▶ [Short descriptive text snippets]
┌────────
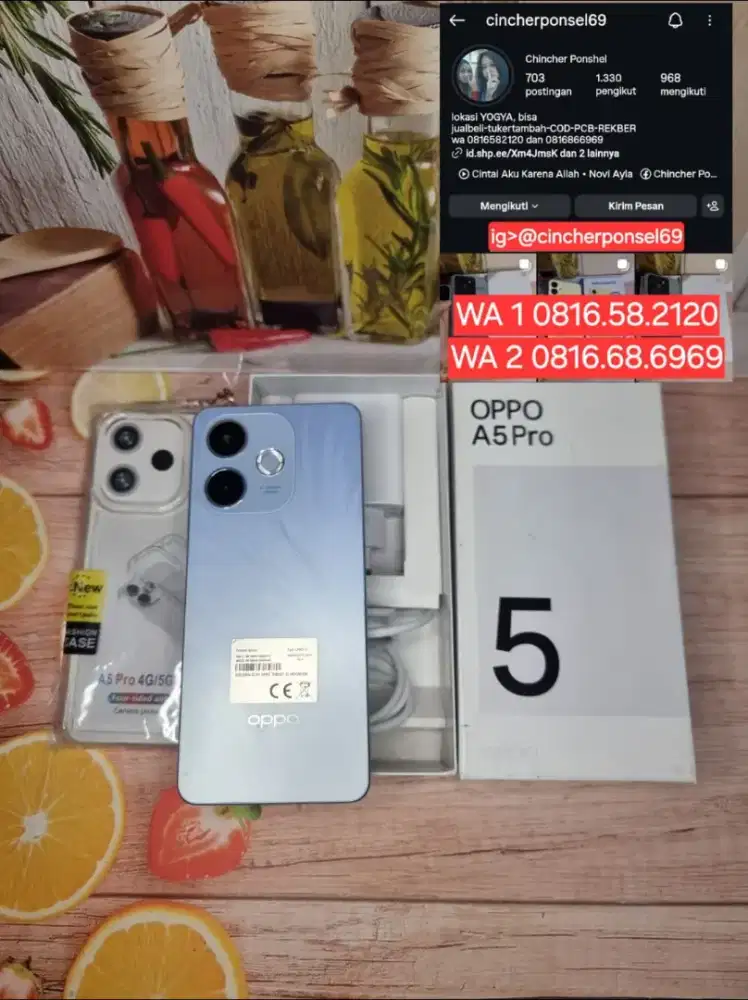 Jual hp Oppo A5 Pro 8/256 istimewa mulus grns panjang free case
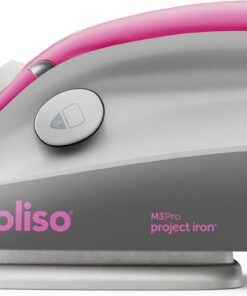 oliso M3Pro Project Steam Iron with Solemate – 1000W Ceramic Soleplate Iron and LED Light for Sewing, Quilting, Crafting, and Travel – Raspberry
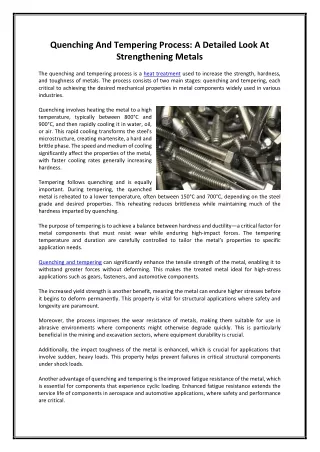 Quenching And Tempering Process - A Detailed Look At Strengthening Metals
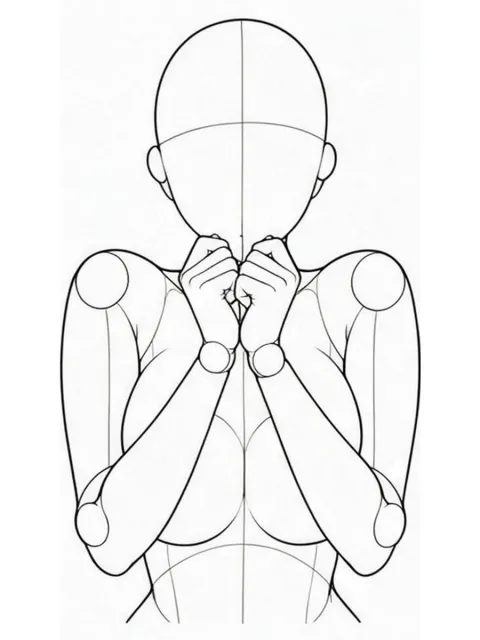 ใช้สองมือปิดปากเหมือนแขนซ่อน — ด้านหน้า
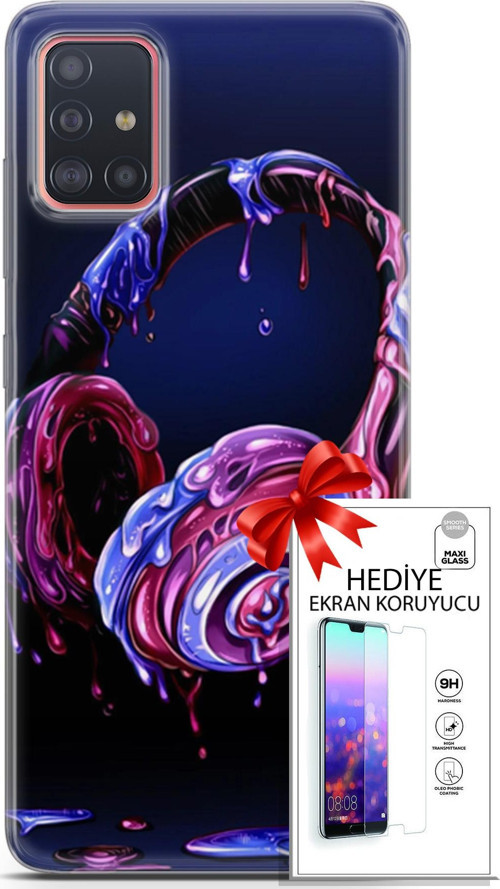 Samsung Galaxy A51 Kılıf Orijinal Seri Cardano 14 Kulaklık Cover Kılıf + Ön Ekran Koruyucu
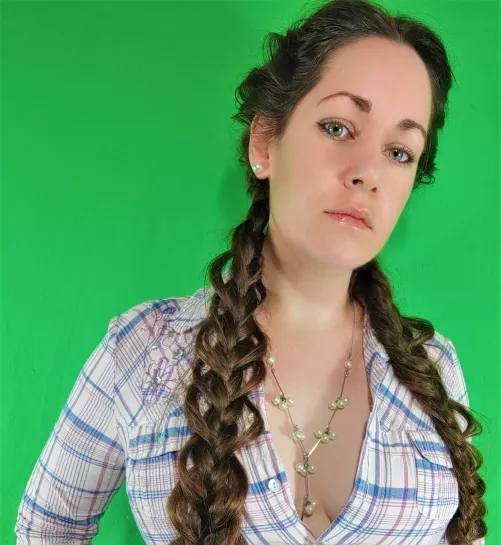 Loop braid with long brown hair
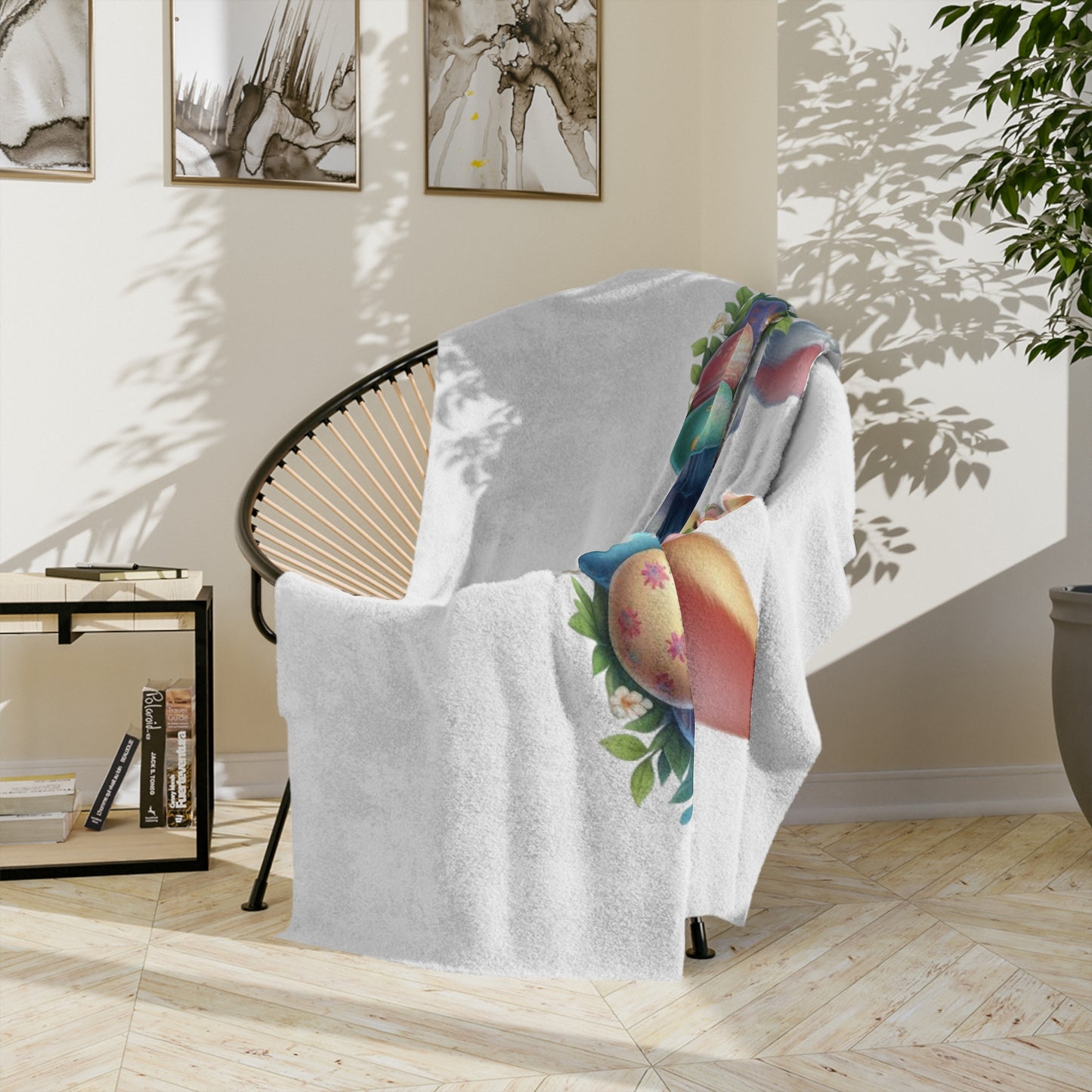 Cute Easter Bunny Couple Velveteen Blanket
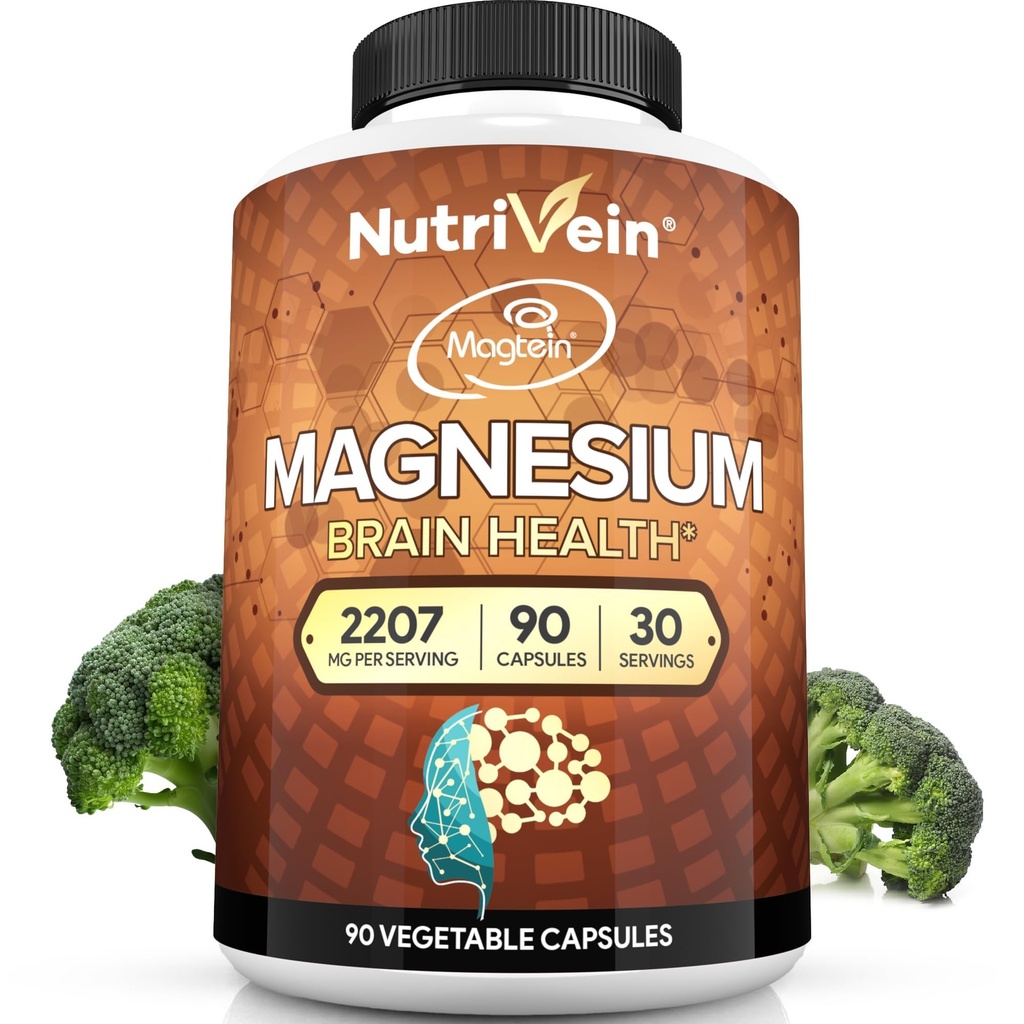 Nutrivein Premium Magtéin Magnésium L-Thréonate Supplément 2207 mg - 90 capsules (3 par jour): Thréonate de magnésium à haute absorption pour le cerveau, le sommeil, l'humeur et la récupération
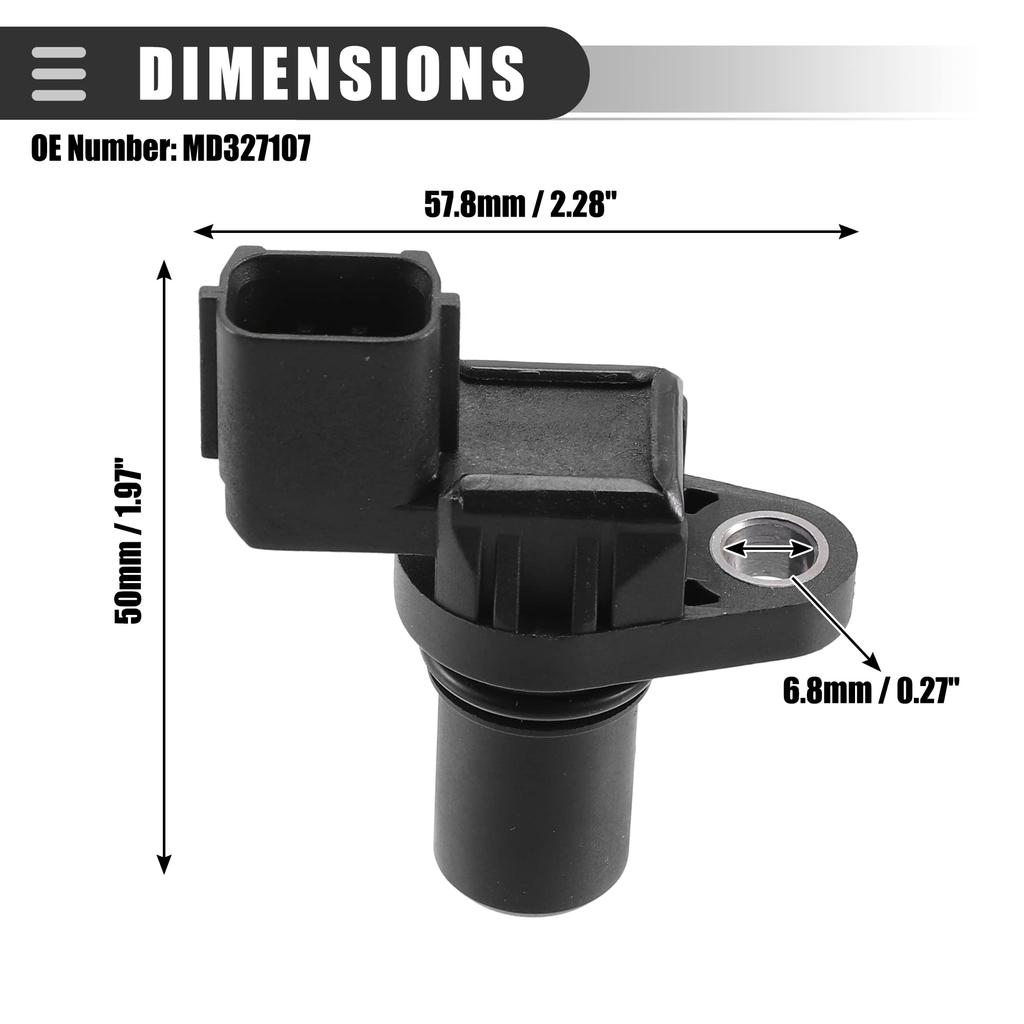 uxcell Camshaft Position Sensor for Mitsu bishi Eclipse 1996-2005 ABS MD327107 Black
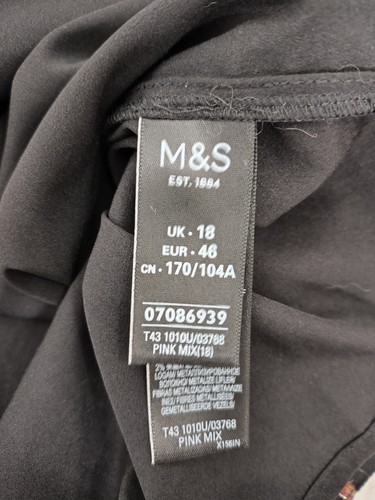 Camicia donna Per Una top 18 nero rosa floreale casual estiva maglia manica lunga - Foto 7 di 12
└────────
▶ [TRY IT]
Give back every record above word for word; the pictures have no place in it.

▶ [SOLUTION]
 Jual hp Oppo A5 Pro 8/256 istimewa mulus grns panjang free case
 oliso M3Pro Project Steam Iron with Solemate – 1000W Ceramic Soleplate Iron and LED Light for Sewing, Quilting, Crafting, and Travel – Raspberry
 Quenching And Tempering Process - A Detailed Look At Strengthening Metals
 ใช้สองมือปิดปากเหมือนแขนซ่อน — ด้านหน้า
 Samsung Galaxy A51 Kılıf Orijinal Seri Cardano 14 Kulaklık Cover Kılıf + Ön Ekran Koruyucu
 Loop braid with long brown hair
 Cute Easter Bunny Couple Velveteen Blanket
 Nutrivein Premium Magtéin Magnésium L-Thréonate Supplément 2207 mg - 90 capsules (3 par jour): Thréonate de magnésium à haute absorption pour le cerveau, le sommeil, l'humeur et la récupération
 uxcell Camshaft Position Sensor for Mitsu bishi Eclipse 1996-2005 ABS MD327107 Black
 Camicia donna Per Una top 18 nero rosa floreale casual estiva maglia manica lunga - Foto 7 di 12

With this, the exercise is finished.